Уроки житейской мудрости

Он сидел на лестничной площадке третьего этажа на корточках и курил. В тапках на босу ногу, в пузырящихся синих трениках и застиранной белой майке с растянутыми лямками. Редеющие стриженные бобриком волосы с проседью, зло вырезанные морщины в уголках жёстких, словно поджатых губ, перебитый нос, глубокий кривой шрам над правым веком, будто он постоянно хитро щурился или подмигивал кому-то. На плече – татуировка: крест на могильном холмике. Худой, жилистый, весь как на шарнирах, он, наверное, мог сидеть на корточках часами. Острые коленки доставали ему почти до впалых небритых щёк, и он был похож на кузнечика перед прыжком.
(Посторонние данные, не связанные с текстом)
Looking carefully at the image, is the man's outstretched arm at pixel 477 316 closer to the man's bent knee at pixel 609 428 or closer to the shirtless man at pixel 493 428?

Мне он казался едва ли не стариком, хотя было ему, как и мне сейчас, под сорок.

Заходя в подъезд, я точно знал, сидит он там или нет: едкий дым от его папирос чувствовался уже при входе, а глухой кашель угрожающим эхом сотрясал гулкие пролёты нашей пятиэтажки.

Я всегда вежливо здоровался с ним и нарочно приостанавливался на предпоследней ступеньке, ожидая, что он заведёт со мной разговор.

Он разгонял узкой ладонью плотный сизый дым, прятал в горсти папиросу и строгим голосом спрашивал:

– Как успехи, студент?

Мне нравилось, что он называет меня студентом, но я упорно отвечал, что никакой я не студент, а учусь в школе, в четвёртом «А».

– Не беда, подрастёшь, поступишь в институт и станешь студентом. Главное – учись прилежно.

Он глубоко затягивался, так что почти уснувший огонёк его папиросы ало вспыхивал, быстро добегая до края ловко переломленной гильзы, и уголком рта выпускал дым куда-то себе под мышку. Откашливался, хмурился и, глядя на стену с облупленной синей краской, исписанную ругательствами и признаниями в любви, ни к кому не обращаясь, сурово изрекал какую-нибудь сентенцию:

– Друг не тот, кто с тобой водки вмажет, а тот, кто от ментов отмажет, – и отрешённо о чём-то задумывался.

Но мгновение спустя, будто очнувшись, бросал потухшую папиросу в стоявшую в углу пол-литровую полную окурков грязную стеклянную банку из-под маринованных огурцов и сипло устало говорил:

– Ладно, студент, ступай, мамка, небось, заждалась. Мать – святое дело.

Учуяв от меня запах дыма, мама ругалась: «Табачищем-то как несёт, опять этот уголовник в подъезде смолит. И когда это прекратится? В милицию, что ли, на него заявить? Будь с ним, пожалуйста, Вадик, осторожен».

В доме многие его так звали: «этот уголовник». Тётя Зина, судача вечерами на лавочке со своими товарками, рассказывала, что первый раз он сел по малолетке за хулиганство, а второй – уже за что-то серьёзное, то ли покалечил кого-то в драке, то ли убил, вроде из-за девчонки, и сел надолго. «Мать его не дождалась, умерла, бедная, с горя, хорошая была женщина, светлая ей память».